Nasty 1Nasty 1 (Image: nasa.gov)

Named after those who discovered it

When discovered in 1963 by Jason Nassau and Charles Stephenson, it was identified as a Wolf-Rayet (WR) star, a fast-evolving star that is much bigger than our Sun. It loses its hydrogen-filled outer layer rapidly, exposing its ultra-hot and super-bright helium-burning core. WR stars’ surface temperatures range from 30,000°C to 200,000°C.

NaSt1 is derived from the first two letters of the surnames of Jason Nassau and Charles Stephenson.



 

However, this one does not look like a typical WR star. Using the Hubble, the astronomers had expected the star to have twin lobes of gas flowing from opposite sides of the star, maybe similar to those emanating from WR candidate Eta Carinae (a massive star).

Encircled by a pancake-shaped disk

Nasty 1 has a pancake-shaped disk of gas encircling it. The enormous disk is almost 2 trillion miles across, and may have formed from an unseen companion star that fed on the outer envelope of the newly-formed WR.

The scientists estimate that the nebula surrounding the stars is only a few thousand years old, and about 3,000 light from Earth.

Study leader, Jon Mauerhan, who works at the University of California, Berkeley, said:

“We were excited to see this disk-like structure because it may be evidence for a Wolf-Rayet star forming from a binary interaction.”

“There are very few examples in the galaxy of this process in action because this phase is short-lived, perhaps lasting only a hundred thousand years, while the timescale over which a resulting disk is visible could be only ten thousand years or less.”
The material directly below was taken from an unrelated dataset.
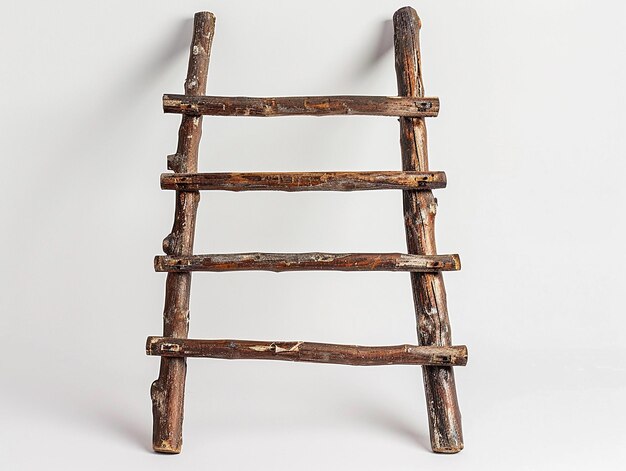 Photo rustic wooden ladder made from branches showcasing natural texture and craftsmanship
In the researchers’ proposed scenario, a massive star evolves super-rapidly, and as it starts to run out of hydrogen it swells up. The star’s outer hydrogen envelope becomes more loosely bound and susceptible to gravitational stripping, or a kind of stellar cannibalism, by a companion star close by.
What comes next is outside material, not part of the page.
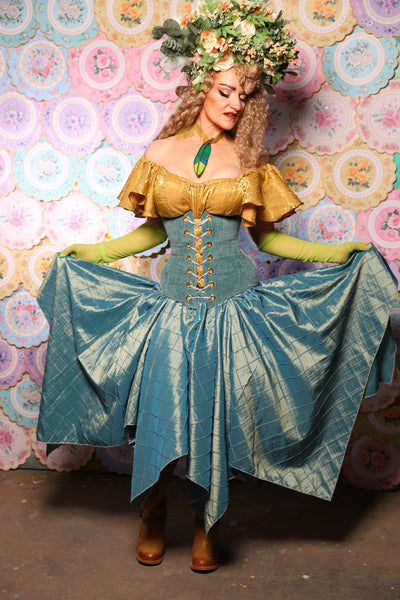 14. Fairy Skirt in Aqua Teal Pintuck - The Minerally Mine Collection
The compact companion-star ends up gaining mass in that process, and the original massive star is stripped of its hydrogen envelope, exposing its helium core to become a WR star.

WR stars can also be formed when a massive star ejects its own hydrogen envelope in a powerful stellar wind streaming with charged particles.
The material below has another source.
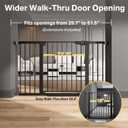 Cumbor 2 Pack 29.7-51.5" Extra Wide Baby Gate for Stairs, Easy Walk Through Dog Gates for Doorways, Pressure Mounted Pet Gate Indoor, Safety Auto-Close Child Gate for Kids with 4 Wall Cups, Black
Most massive stars belong to binary systems

The hypothesis that a binary interaction (two stars) is involved is gaining traction, because scientists realize that at least 70% of massive stars belong to double-star systems.

Direct mass loss alone also cannot account for the number of WR stars relative to other less-evolved massive stars in the Milky Way.

Co-author, Nathan Smith, of the University of Arizona in Tucson, said:

“We’re finding that it is hard to form all the Wolf-Rayet stars we observe by the traditional wind mechanism, because mass loss isn’t as strong as we used to think.”

“Mass exchange in binary systems seems to be vital to account for Wolf-Rayet stars and the supernovae they make, and catching binary stars in this short-lived phase will help us understand this process.”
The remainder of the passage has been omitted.